T.C. YARGITAY
5.Ceza Dairesi
Esas: 2009/11360
Karar: 2009/13245
Karar Tarihi: 26.11.2009
NİTELİKLİ CİNSEL SALDIRI SUÇU - SANIKLARIN BİRLİKTE VE ZOR KULLANARAK MAĞDURENİN DİRENCİNİ KIRDIKTAN SONRA ORGAN SOKMAK SURETİYLE NİTELİKLİ CİNSEL SALDIRI EYLEMİNİ GERÇEKLEŞTİRDİKLERİ - CEZANIN TESELSÜL NEDENİYLE ARTIRILMASI - HÜKMÜN BOZULDUĞU
ÖZET: Sanıkların birlikte ve zor kullanarak mağdurenin direncini kırdıktan sonra aynı zaman ve mekanda sanıklar tarafından organ sokmak suretiyle nitelikli cinsel saldırı eylemini gerçekleştirdikleri anlaşılmakla, sanıkların bizzat işledikleri eylemden ayrı olarak diğerinin eylemine katılmış olmalarından dolayı haklarında cinsel saldırı suçuna göre belirlenen cezanın teselsül nedeniyle artırılması suretiyle hüküm kurulması gerekir.

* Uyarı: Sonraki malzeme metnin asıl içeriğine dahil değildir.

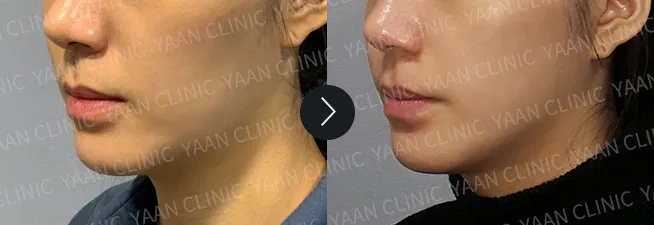 Before and after 1 month: Thermage FLX on the face - case 7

(5237 S. K. m. 43, 102, 103, 109) (5271 S. K. m. 216)
Dava ve Karar: Nitelikli cinsel saldırı suçundan sanıklar Mehmet ve S. Devrim'in yapılan yargılanmaları sonunda; mahkumiyetlerine dair Aydın Birinci Ağır Ceza Mahkemesi'nden verilen 08.04.2008 gün ve 2006/159 Esas, 2008/92 Karar sayılı hükmün süresi içinde Yargıtay'ca incelenmesi sanıklar müdafii tarafından ve duruşmalı olarak istenilmiş olduğundan, dava evrakı Yargıtay C.Başsavcılığı'nın 06.08.2009 günlü tebliğnamesi ile Daireye gönderilmekle dosya incelenerek aşağıda yazılı karar ittihaz olundu:
Yapılan yargılamaya, toplanıp karar yerinde gösterilen delillere, mahkemenin soruşturma sonuçlarına uygun olarak oluşan kanaat ve takdirine, incelenen dosya içeriğine göre sair temyiz itirazlarının reddine,
Ancak;
Dosya içeriği ve oluşa göre, sanıkların birlikte ve zor kullanarak mağdurenin direncini kırdıktan sonra aynı zaman ve mekanda önce sanık Mehmet, sonra da sanık Selçuk tarafından organ sokmak suretiyle nitelikli cinsel saldırı eylemini gerçekleştirdikleri anlaşılmakla, sanıkların bizzat işledikleri eylemden ayrı olarak diğerinin eylemine katılmış olmalarından dolayı haklarında TCK'nın 102/2 ve 102/3-d maddelerine göre belirlenen cezanın teselsül nedeniyle aynı Yasa'nın 43. maddesi uyarınca artırılması suretiyle hüküm kurulması gerektiği gözetilmeden, iki ayrı suç kabulü ile yazılı şekilde uygulama yapılmak suretiyle karar verilmesi,
TCK'nın 102/5. maddesinin 10 yıldan az olmamak üzere hapis cezası öngörmesi ve aynı Yasa'nın 49. maddesi hükmüne göre ise, 20 yıla kadar ceza tayininin mümkün bulunması karşısında, yazılı gerekçeyle 102/5. maddesinin uygulanmaması,
Kanuna aykırı, sanıklar müdafiinin temyiz itirazları ve duruşmalı inceleme sırasındaki savunmaları bu bakımdan yerinde görülmüş olduğundan, hükümlerin belirtilen nedenle 5320 sayılı Yasa'nın 8/1. maddesi de gözetilerek CMUK'nın 321 ve 326. maddeleri uyarınca ceza süresi itibariyle kazanılmış hak saklı kalmak üzere BOZULMASINA, 26.11.2009 tarihinde oybirliği ile karar verildi.